Dataset excerpt —
——————————

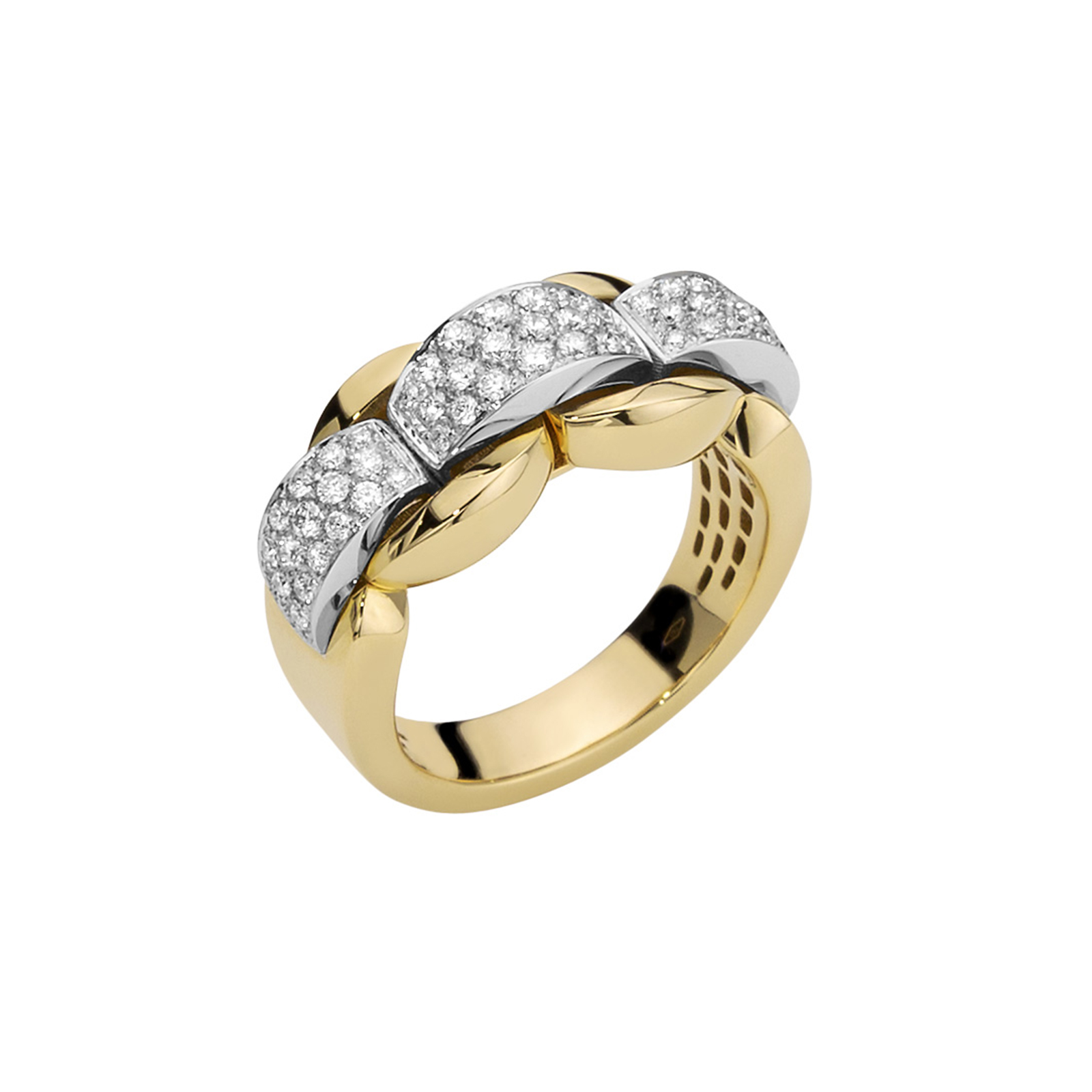 Fope 18ct Yellow & White Gold Nova Ring Reviews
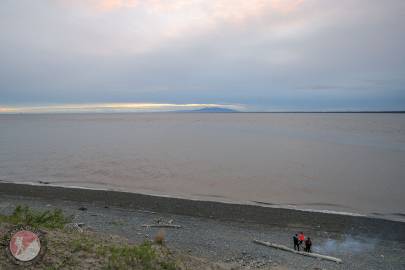 The beach at Point Woronzof.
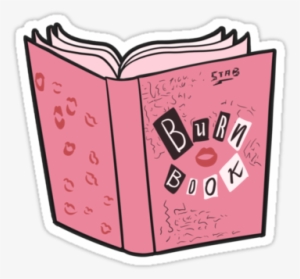Mean Girls Burn Book, Laptop Stickers, Suitcase Stickers, - Book Stickers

——————————

Work task — Skipping all images, output the listing exactly.

Task response —
 Fope 18ct Yellow & White Gold Nova Ring Reviews
 The beach at Point Woronzof.
Mean Girls Burn Book, Laptop Stickers, Suitcase Stickers, - Book Stickers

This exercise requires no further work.